Islândia: lição de democracia à Europa ‘austera’ – parte 5.

Sigrídur: “A nova Constituição islandesa estabelece que 97% dos recursos naturais são propriedade da nação. Não do estado: eles não podem ser vendidos” No dia 20 de outubro a Islândia […]

Sigrídur: “A nova Constituição islandesa estabelece que 97% dos recursos naturais são propriedade da nação. Não do estado: eles não podem ser vendidos”

No dia 20 de outubro a Islândia realizou um plebiscito sobre seu novo projeto de Constituição, num processo aberto pelos desdobramentos da crise financeira de 2008, que devastou o país.

A Constituição islandesa datava de 1944, quando foi proclamada sua independência da Dinamarca. Já se discutira no Parlamento e fora dele sobre a necessidade de revisá-la. A crise precipitou a decisão.

O procedimento, antes descrito (v. parte 1 desta série) aqui, foi dos mais originais. Primeiro, se escolheu uma grande Assembleia Constituinte, com 1.500 participantes, que delineou as balizas conceituais do novo projeto. Depois escolheu-se uma Comissão de 25 cidadãos independentes, sem vínculos partidários, que redigiram o corpo da Constituição. Este foi levado ao Parlamento, que encaminhou o plebiscito. Este, por sua vez, consagrou a proposta como base para a nova Constituição, que o Parlamento deverá votar.

Conversamos com a deputada Sigrídur Ingadóttir, da Aliança Social-Democrata, que apoia o novo governo,  sobre a proposta e o procedimento.

A deputada ressaltou que o processo foi muito amplo e participativo. “O referendo foi consultivo, não decisório”, disse ela. “Mas é um guia para o Parlamento. Os dois partidos do governo estão a favor da nova constituição, junto com um partido da oposição. Há um partido mais conservador completamente contra ela, enquanto há ainda um partido oposicionista que parece querer colaborar com o governo. Há ajustes técnicos a fazer, e o Parlamento terá a última palavra. Mas dois terços dos votantes no referendo se declararam a favor da proposta, e isso não pode ser ignorado.”

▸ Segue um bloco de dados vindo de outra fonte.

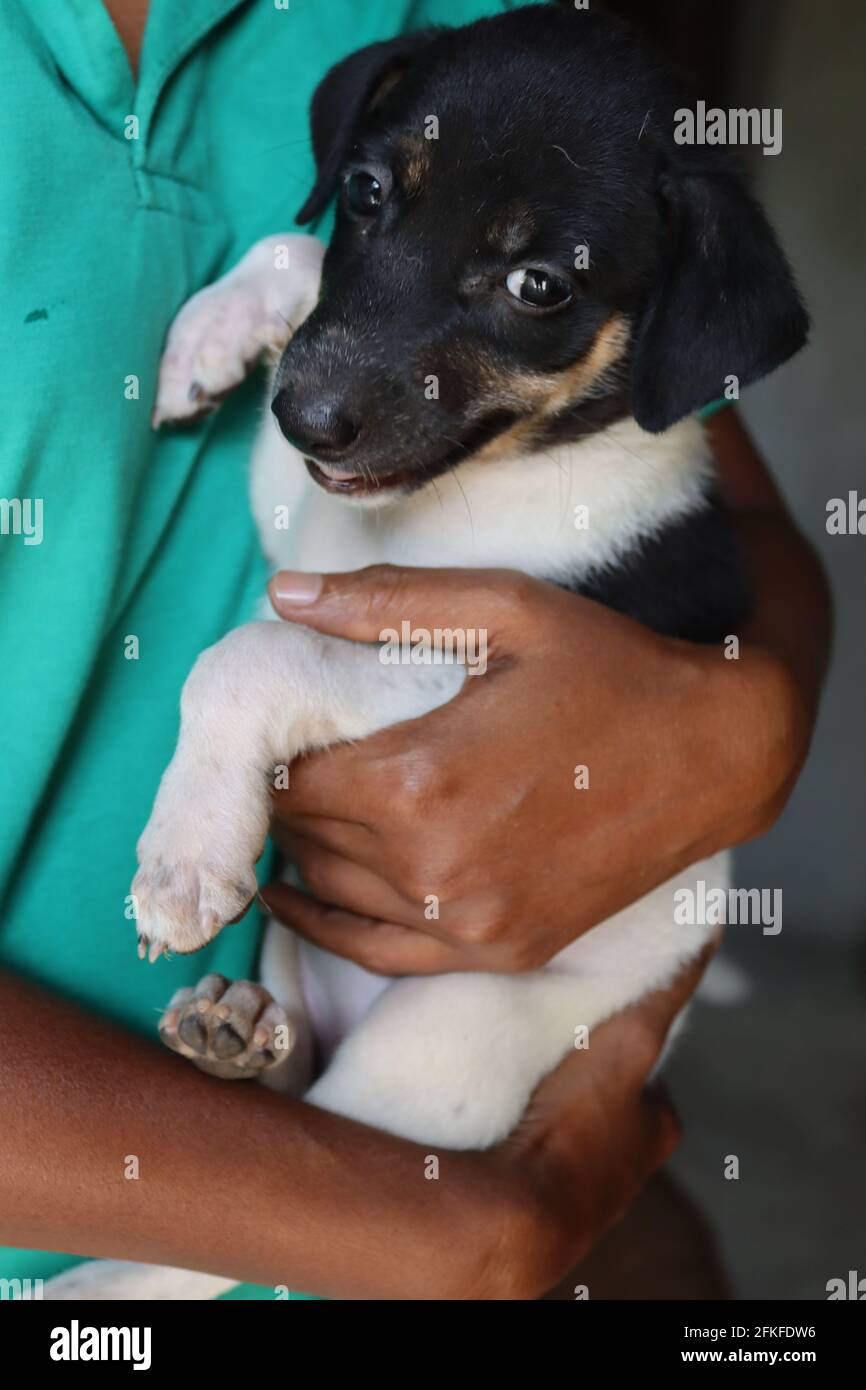 Zwei Monate alter schwarz-weißer Welpe aus Sri Lanka, hier werden Moor als Familienmitglieder betrachtet, sogar Straßenhunde werden von gutherzigen Menschen im Land gefüttert Stockfoto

Sigrídur Prosseguiu: “A nova Constituição não é, digamos, revolucionária. Aumentou, é certo, o capítulo dos direitos humanos. Mas, por exemplo, o Parlamento continua sendo o fórum legal mais importante. Mas há mudanças: antes, quem vivia na área da capital tinha seu voto com o valor da metade de quem vivia fora dela. Agora, vai valer o princípio de um eleitor, um voto, por igual para todos. Há um avanço democrático, portanto. Outra mudança se deu quanto aos recursos naturais. Só 3% deles são propriedade privada. E a nova constituição estabelece que os 97% restantes são propriedade da nação. Não do Estado: eles não podem ser vendidos, por exemplo. Quem quiser explorá-los privadamente vai ter de pagar preços de mercado. Outra novidade importante é que agora um certo número de cidadãos podera requerer plebiscitos nacionais. Aumentará, portanto, a democracia direta”.

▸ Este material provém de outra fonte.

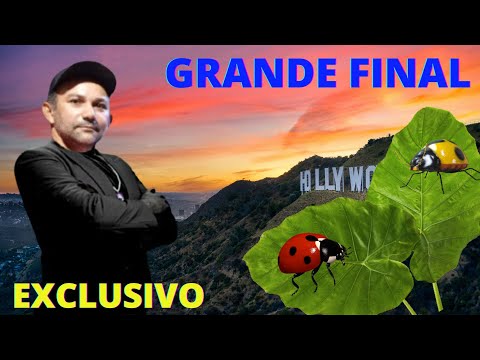 311-COMO PINTAR A FOLHA COM A JOANINHA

Perguntei à deputada se isto não se chocava com a vontade manifesta de seu partido a favor da entrada da Islândia definitivamente na União Europeia (UE). Fiz ver, por exemplo, que a proposta de realização de um plebiscito na Grécia sobre o plano de austeridade que estava sendo proposta pela União Europeia ao governo de Atenas custara o governo ao primeiro ministro Yorgios Papandreou, forçado a se demitir por pressão de Bruxelas, Frankfurt, Paris (então com Nicholas Sarkozy no governo) e Berlim. Também argumentei que a proposta de nacionalização dos recursos naturais, aprovada no plebiscito islandês, ia contra toda a ortodoxia defendida e hegemônica na União Europeia e no próprio Parlamento Europeu, sustentada inclusive pelos partidos da Social Democracia e os Verdes.

A deputada contra-argumentou que a UE é uma proposta importante demais para ficar prisioneira de governos circunstanciais, que estes podem mudar, e citou o caso da eleição de François Hollande na França, que desbalançou a hegemonia ortodoxa. Concordei, lembrando que a UE era uma proposta promissora num espaço geográfico e político que tivera uma guerra de proporção continental, senão mundial, a cada duas gerações, desde o Renascimento, senão antes.

Mas concluí a conversa teimando na ideia de que a lição democrática da Islândia ia na contramão das correntes hegemônicas na Europa.

Concluí, modo de dizer. Porque a conversa prosseguiu – mas sobre o Brasil, nossa história recente, a presidenta Dilma Rousseff, pelo que e por quem a deputada tinha grande curiosidade.